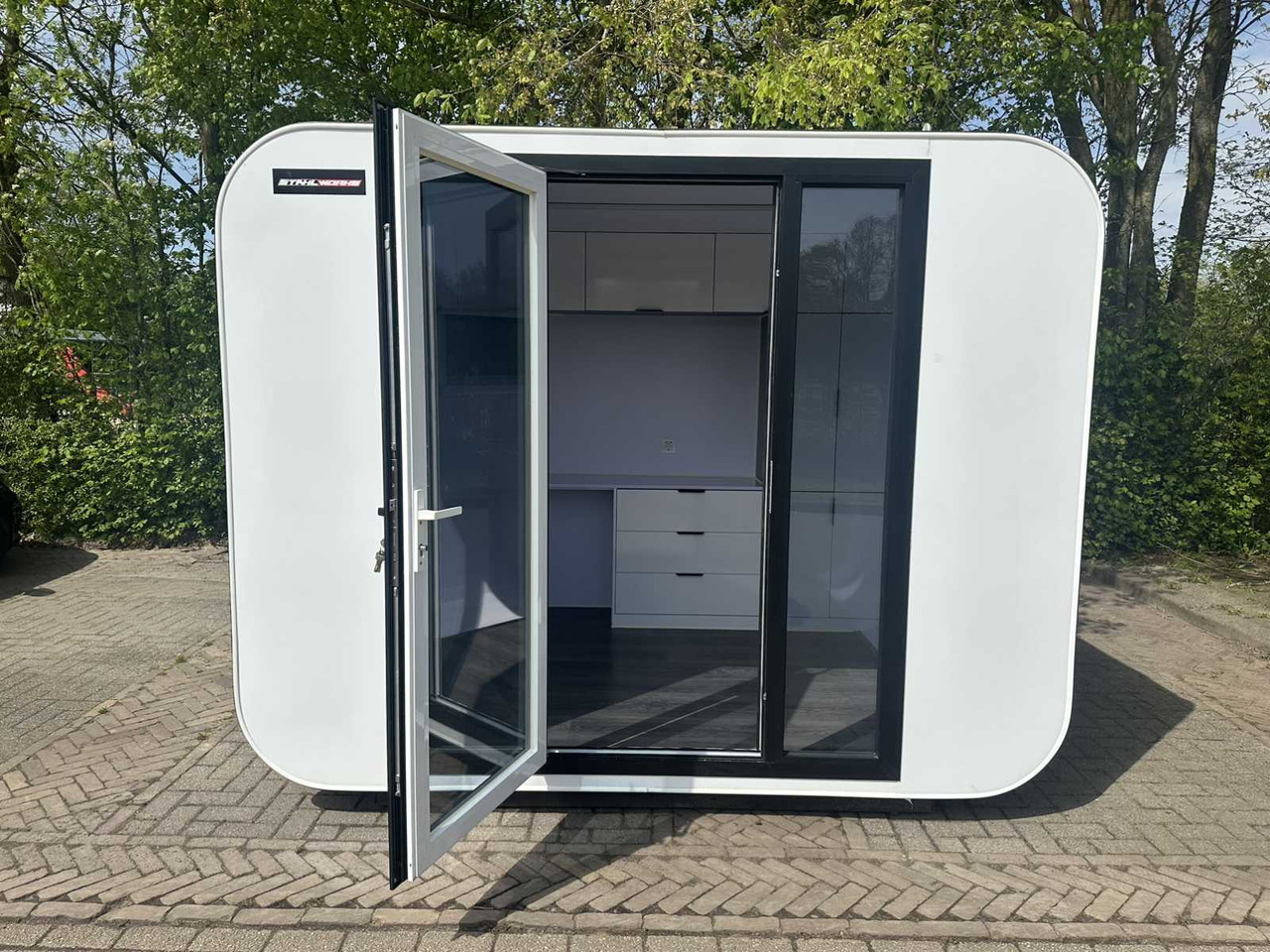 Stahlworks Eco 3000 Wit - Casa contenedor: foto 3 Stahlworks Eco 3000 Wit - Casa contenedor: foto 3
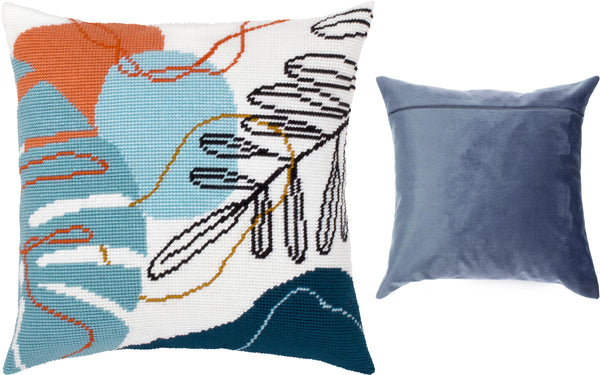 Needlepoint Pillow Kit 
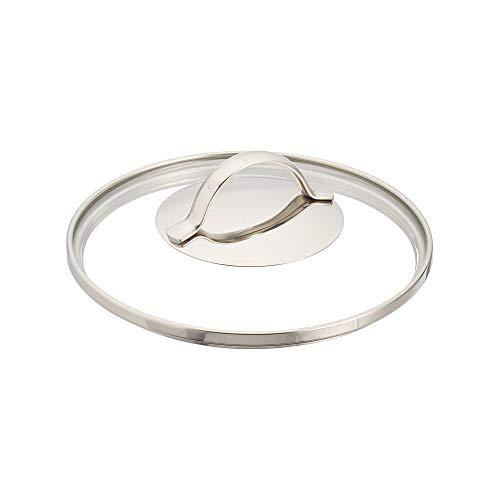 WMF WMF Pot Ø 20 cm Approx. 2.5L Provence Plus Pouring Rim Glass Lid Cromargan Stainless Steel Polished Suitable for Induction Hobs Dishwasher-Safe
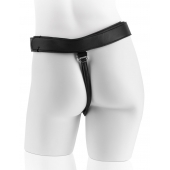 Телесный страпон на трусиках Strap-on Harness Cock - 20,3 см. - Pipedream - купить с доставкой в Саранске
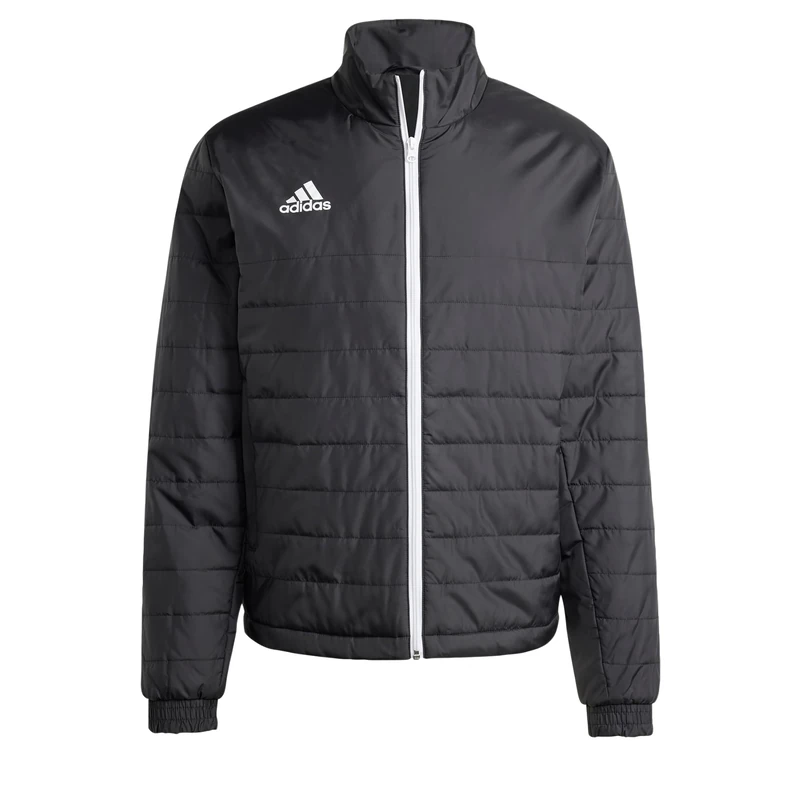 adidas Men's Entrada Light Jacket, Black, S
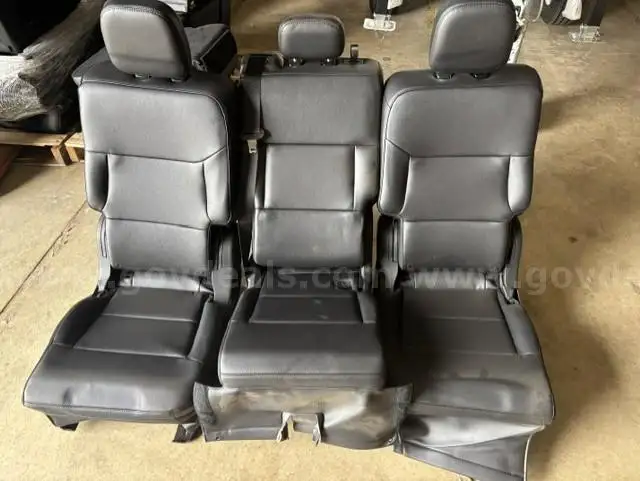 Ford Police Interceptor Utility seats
------------------------------------
PROMPT:
When you copy the lines above, drop the pictures and keep everything else exact.

SOLVED EXERCISE:
 Stahlworks Eco 3000 Wit - Casa contenedor: foto 3 Stahlworks Eco 3000 Wit - Casa contenedor: foto 3
 Needlepoint Pillow Kit 
 WMF WMF Pot Ø 20 cm Approx. 2.5L Provence Plus Pouring Rim Glass Lid Cromargan Stainless Steel Polished Suitable for Induction Hobs Dishwasher-Safe
 Телесный страпон на трусиках Strap-on Harness Cock - 20,3 см. - Pipedream - купить с доставкой в Саранске
 adidas Men's Entrada Light Jacket, Black, S
 Ford Police Interceptor Utility seats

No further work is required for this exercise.